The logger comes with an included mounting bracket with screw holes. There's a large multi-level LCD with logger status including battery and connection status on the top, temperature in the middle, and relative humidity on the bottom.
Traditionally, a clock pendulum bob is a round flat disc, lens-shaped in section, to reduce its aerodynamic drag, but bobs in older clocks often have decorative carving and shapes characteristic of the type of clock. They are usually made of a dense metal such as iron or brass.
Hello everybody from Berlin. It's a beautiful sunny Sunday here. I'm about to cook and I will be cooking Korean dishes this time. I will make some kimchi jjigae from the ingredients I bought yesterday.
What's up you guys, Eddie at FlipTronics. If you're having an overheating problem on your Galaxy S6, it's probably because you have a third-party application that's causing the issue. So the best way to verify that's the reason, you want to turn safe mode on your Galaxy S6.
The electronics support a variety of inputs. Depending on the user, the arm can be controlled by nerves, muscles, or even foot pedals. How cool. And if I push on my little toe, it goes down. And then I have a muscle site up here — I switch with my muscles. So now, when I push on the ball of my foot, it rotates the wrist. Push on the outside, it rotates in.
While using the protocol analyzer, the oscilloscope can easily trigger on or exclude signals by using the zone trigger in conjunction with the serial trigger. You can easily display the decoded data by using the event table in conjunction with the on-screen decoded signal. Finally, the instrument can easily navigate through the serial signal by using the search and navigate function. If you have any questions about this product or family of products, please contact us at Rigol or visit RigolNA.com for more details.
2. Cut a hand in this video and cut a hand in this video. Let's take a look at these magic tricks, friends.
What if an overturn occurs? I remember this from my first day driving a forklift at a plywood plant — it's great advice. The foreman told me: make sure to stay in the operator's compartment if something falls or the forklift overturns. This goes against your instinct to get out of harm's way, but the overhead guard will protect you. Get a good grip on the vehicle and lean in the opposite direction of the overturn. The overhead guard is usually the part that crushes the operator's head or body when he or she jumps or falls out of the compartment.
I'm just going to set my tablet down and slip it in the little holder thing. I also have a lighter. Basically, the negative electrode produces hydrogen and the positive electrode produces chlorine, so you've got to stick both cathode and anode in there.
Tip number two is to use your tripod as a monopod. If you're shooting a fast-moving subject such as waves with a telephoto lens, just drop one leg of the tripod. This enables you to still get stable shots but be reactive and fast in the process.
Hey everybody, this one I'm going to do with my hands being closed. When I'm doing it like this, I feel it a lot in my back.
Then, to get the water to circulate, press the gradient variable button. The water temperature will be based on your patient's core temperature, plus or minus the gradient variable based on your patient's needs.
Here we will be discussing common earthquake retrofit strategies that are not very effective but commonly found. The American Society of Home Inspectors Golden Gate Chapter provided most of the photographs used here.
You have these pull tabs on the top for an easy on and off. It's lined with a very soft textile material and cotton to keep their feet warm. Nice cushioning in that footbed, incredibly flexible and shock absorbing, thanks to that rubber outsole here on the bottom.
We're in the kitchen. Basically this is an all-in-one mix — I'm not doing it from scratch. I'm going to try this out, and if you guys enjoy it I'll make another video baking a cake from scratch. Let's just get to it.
——
### The problem
For every entry above, write out an exact copy.

### Expected output
The logger comes with an included mounting bracket with screw holes. There's a large multi-level LCD with logger status including battery and connection status on the top, temperature in the middle, and relative humidity on the bottom.
Traditionally, a clock pendulum bob is a round flat disc, lens-shaped in section, to reduce its aerodynamic drag, but bobs in older clocks often have decorative carving and shapes characteristic of the type of clock. They are usually made of a dense metal such as iron or brass.
Hello everybody from Berlin. It's a beautiful sunny Sunday here. I'm about to cook and I will be cooking Korean dishes this time. I will make some kimchi jjigae from the ingredients I bought yesterday.
What's up you guys, Eddie at FlipTronics. If you're having an overheating problem on your Galaxy S6, it's probably because you have a third-party application that's causing the issue. So the best way to verify that's the reason, you want to turn safe mode on your Galaxy S6.
The electronics support a variety of inputs. Depending on the user, the arm can be controlled by nerves, muscles, or even foot pedals. How cool. And if I push on my little toe, it goes down. And then I have a muscle site up here — I switch with my muscles. So now, when I push on the ball of my foot, it rotates the wrist. Push on the outside, it rotates in.
While using the protocol analyzer, the oscilloscope can easily trigger on or exclude signals by using the zone trigger in conjunction with the serial trigger. You can easily display the decoded data by using the event table in conjunction with the on-screen decoded signal. Finally, the instrument can easily navigate through the serial signal by using the search and navigate function. If you have any questions about this product or family of products, please contact us at Rigol or visit RigolNA.com for more details.
2. Cut a hand in this video and cut a hand in this video. Let's take a look at these magic tricks, friends.
What if an overturn occurs? I remember this from my first day driving a forklift at a plywood plant — it's great advice. The foreman told me: make sure to stay in the operator's compartment if something falls or the forklift overturns. This goes against your instinct to get out of harm's way, but the overhead guard will protect you. Get a good grip on the vehicle and lean in the opposite direction of the overturn. The overhead guard is usually the part that crushes the operator's head or body when he or she jumps or falls out of the compartment.
I'm just going to set my tablet down and slip it in the little holder thing. I also have a lighter. Basically, the negative electrode produces hydrogen and the positive electrode produces chlorine, so you've got to stick both cathode and anode in there.
Tip number two is to use your tripod as a monopod. If you're shooting a fast-moving subject such as waves with a telephoto lens, just drop one leg of the tripod. This enables you to still get stable shots but be reactive and fast in the process.
Hey everybody, this one I'm going to do with my hands being closed. When I'm doing it like this, I feel it a lot in my back.
Then, to get the water to circulate, press the gradient variable button. The water temperature will be based on your patient's core temperature, plus or minus the gradient variable based on your patient's needs.
Here we will be discussing common earthquake retrofit strategies that are not very effective but commonly found. The American Society of Home Inspectors Golden Gate Chapter provided most of the photographs used here.
You have these pull tabs on the top for an easy on and off. It's lined with a very soft textile material and cotton to keep their feet warm. Nice cushioning in that footbed, incredibly flexible and shock absorbing, thanks to that rubber outsole here on the bottom.
We're in the kitchen. Basically this is an all-in-one mix — I'm not doing it from scratch. I'm going to try this out, and if you guys enjoy it I'll make another video baking a cake from scratch. Let's just get to it.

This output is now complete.